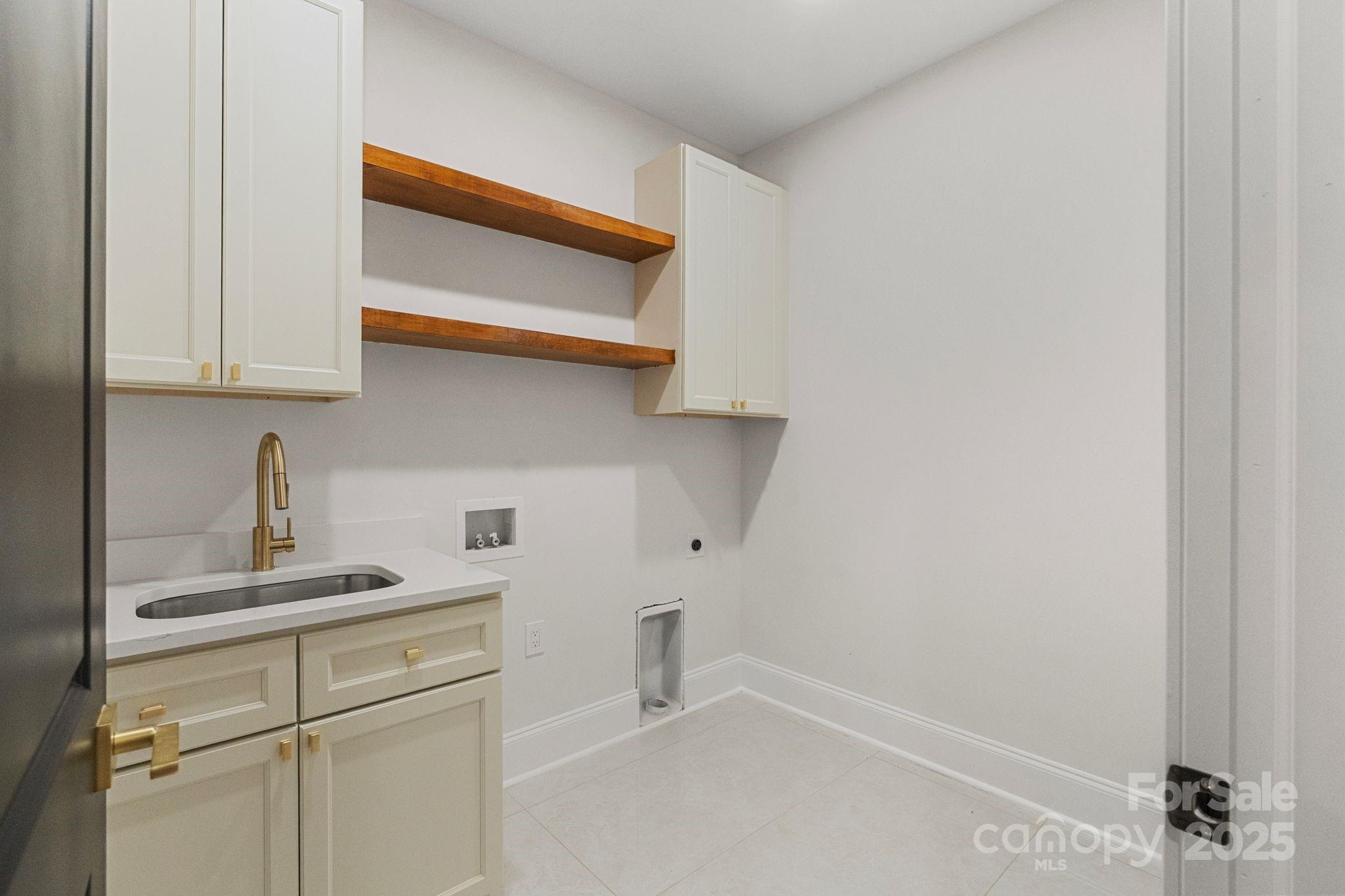 Legacy On The Lake - Residential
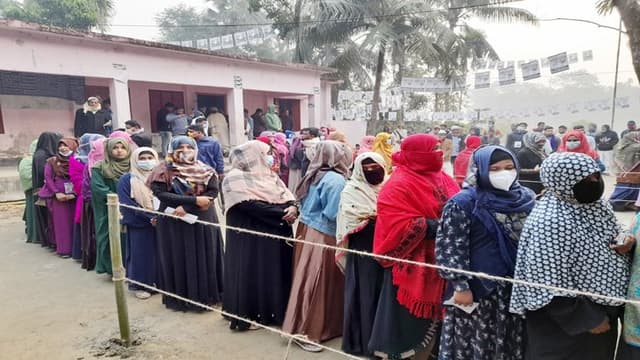 চলছে পঞ্চম ধাপে ২৯ পৌরসভায় ভোটগ্রহণ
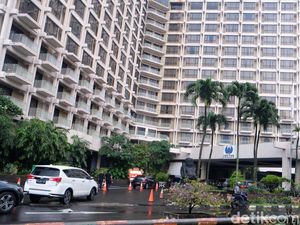 Ada Sengketa Lahan Hotel Sultan, Manajemen Sebut Belum Ada PHK Karyawan Ada Sengketa Lahan Hotel Sultan, Manajemen Sebut Belum Ada PHK Karyawan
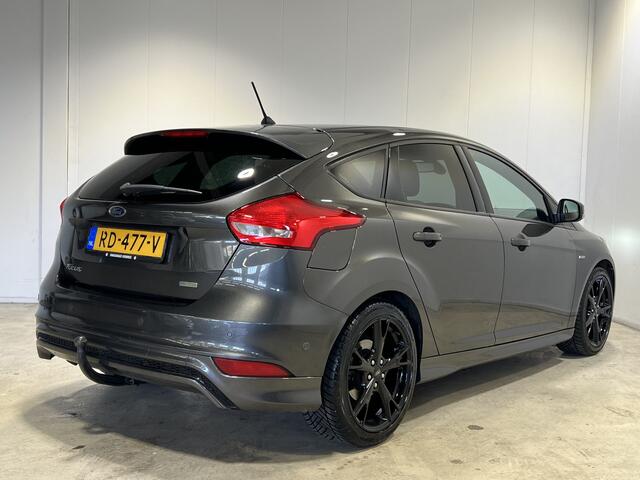 Ford FOCUS 1.0 ST-Line | Navigatie/Android/Apple Carplay | LM Velgen 18" | Cruise Control | Airco | Parkeer sensor v+a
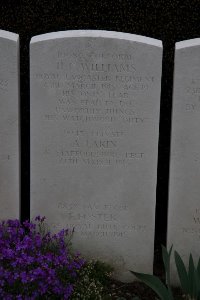 Bailleul Communal Cemetery (Nord) - Foster, F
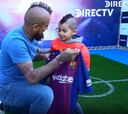 Abrazo, camiseta y juegos: la jornada de Vidal con su fan iraní
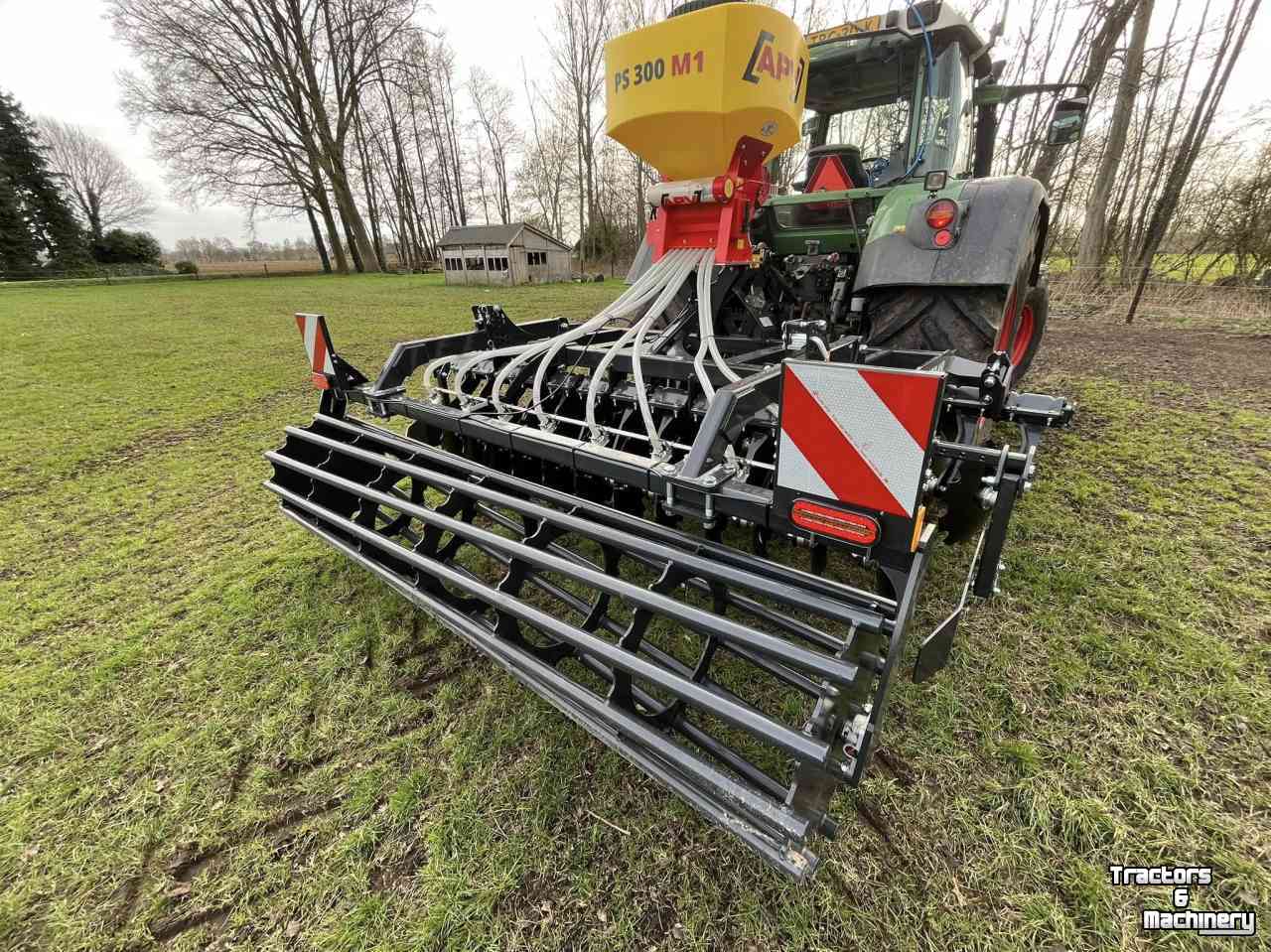Cultivateur  Agroland Titanium 300 + APV PS 300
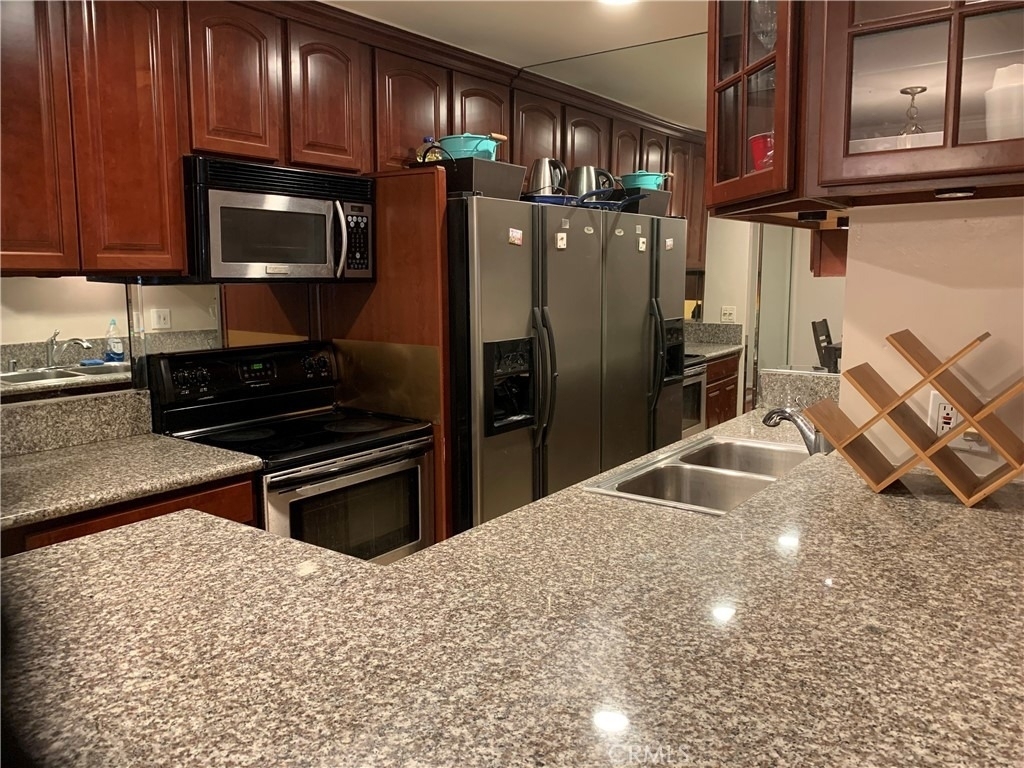 7742 Redlands Street - Photo 7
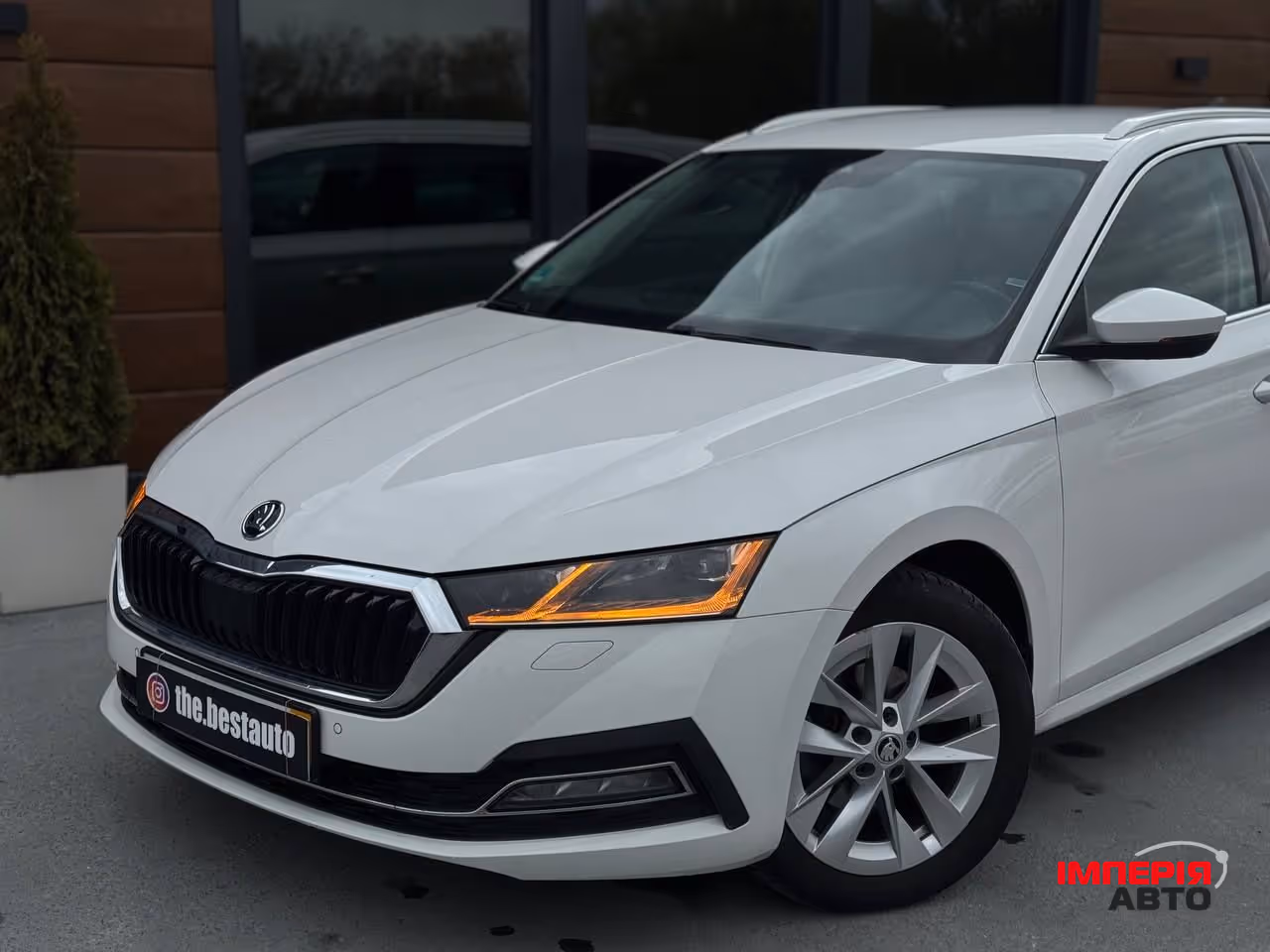 Skoda Octavia - фото 3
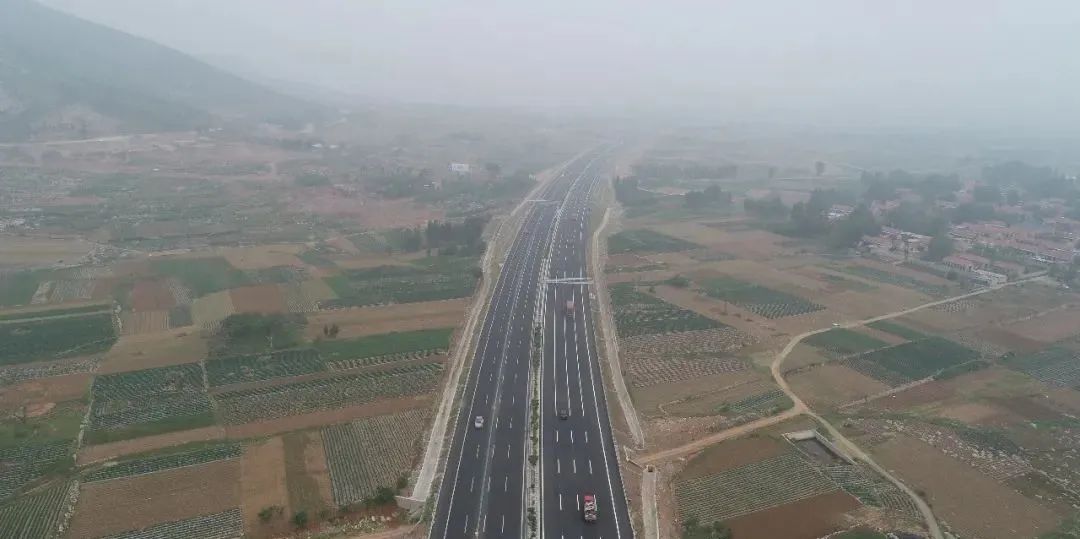 齊魯交通京滬改擴(kuò)建項(xiàng)目首個路段八車道通行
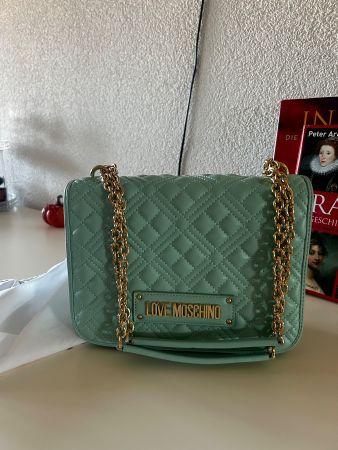 Love Moschino Tasche hellgrün gesteppt gebraucht Zustand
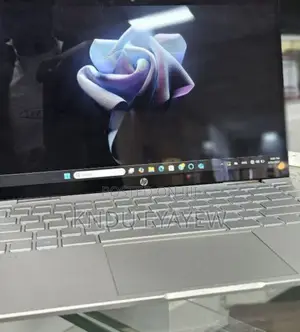 Photo - New Laptop HP Pavilion 15 8GB Intel Core I5 SSD 512GB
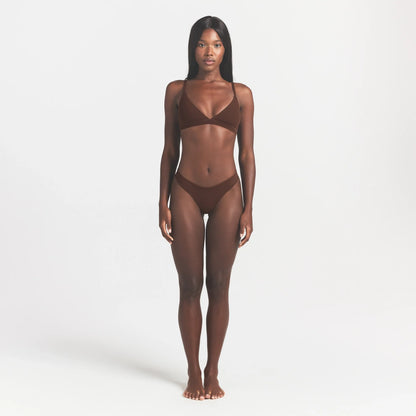 FITS EVERYBODY TRIANGLE BRALETTE | COCOA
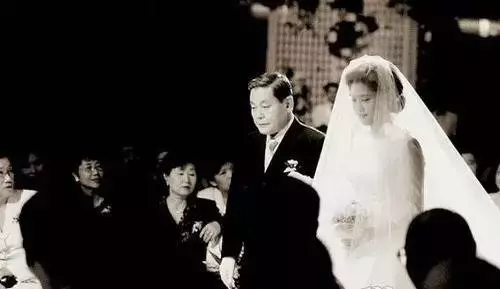 三星總栽女兒嫁保全,丈夫卻二度自殺!要求70億離婚,婚姻不幸,她還是把人生活得優雅亮麗!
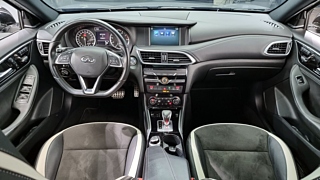 INFINITI Q30 2019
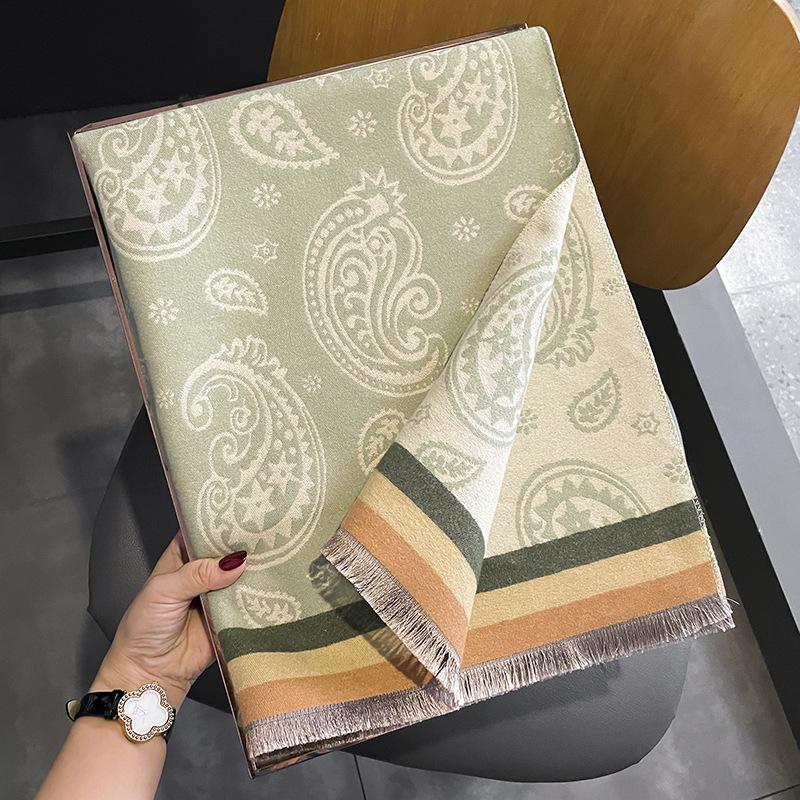 Winter new high-end green cashew imitation cashmere scarf shawl dual-purpose double-sided warm student scarf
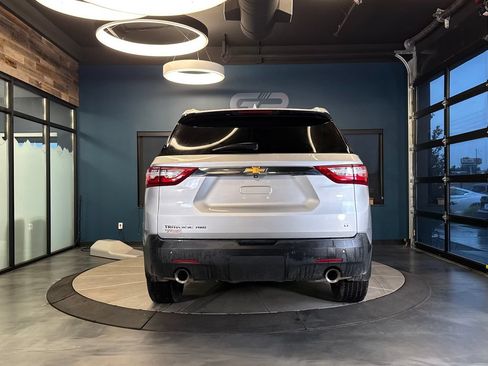 Used 2021 Chevrolet Traverse LT AWD/4WD image 4
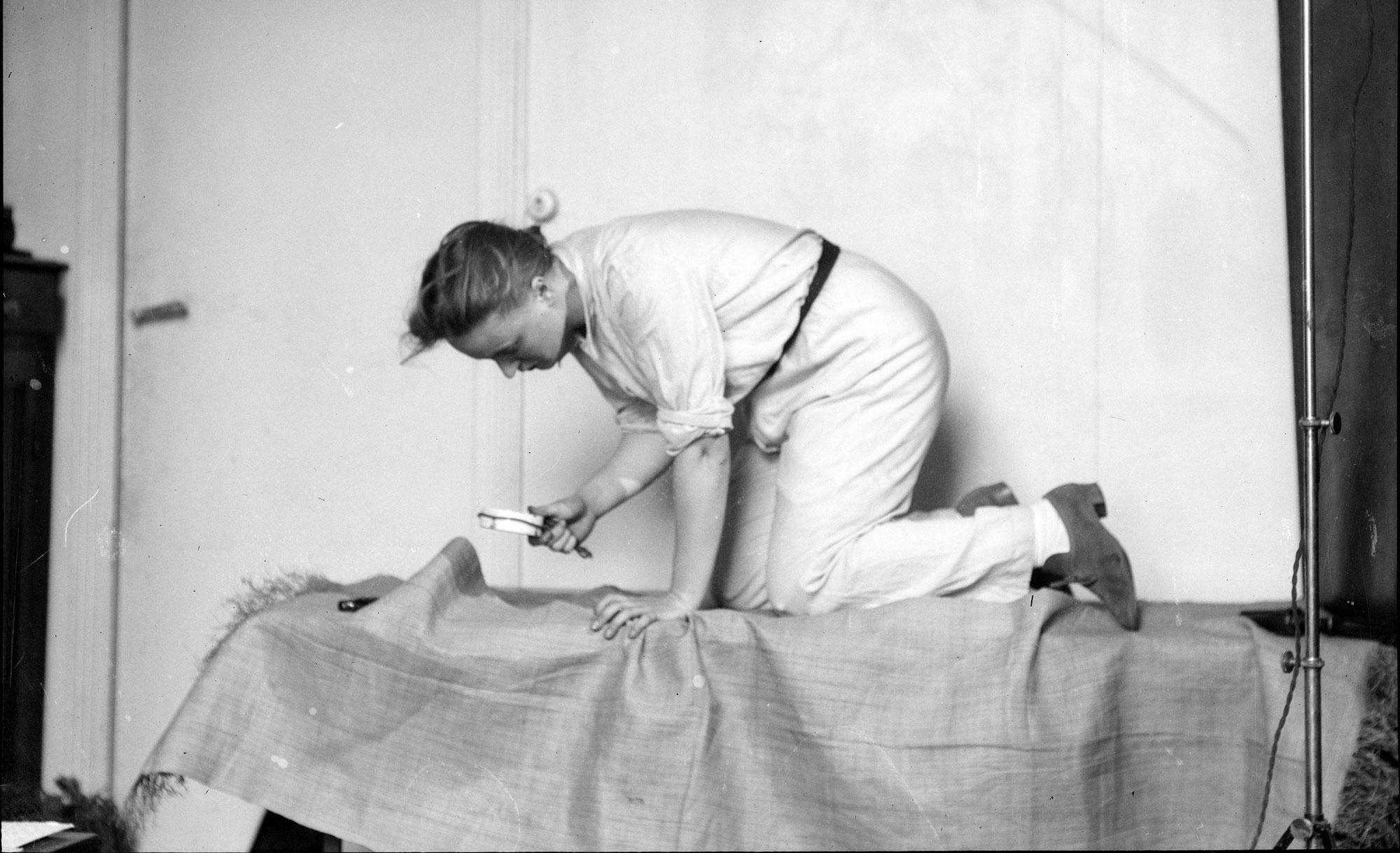 Roger Parry, Un homme à quatre pattes tenant une loupe, 1934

= = =

*Exercise objective*. Provide the lines again, unchanged, from where the data above begins through the line containing "Skoda Octavia - фото 3", both ends included, omitting pictures and adding nothing.

*Response to this exercise*.
 Legacy On The Lake - Residential
 চলছে পঞ্চম ধাপে ২৯ পৌরসভায় ভোটগ্রহণ
 Ada Sengketa Lahan Hotel Sultan, Manajemen Sebut Belum Ada PHK Karyawan Ada Sengketa Lahan Hotel Sultan, Manajemen Sebut Belum Ada PHK Karyawan
 Ford FOCUS 1.0 ST-Line | Navigatie/Android/Apple Carplay | LM Velgen 18" | Cruise Control | Airco | Parkeer sensor v+a
 Bailleul Communal Cemetery (Nord) - Foster, F
 Abrazo, camiseta y juegos: la jornada de Vidal con su fan iraní
Cultivateur  Agroland Titanium 300 + APV PS 300
 7742 Redlands Street - Photo 7
 Skoda Octavia - фото 3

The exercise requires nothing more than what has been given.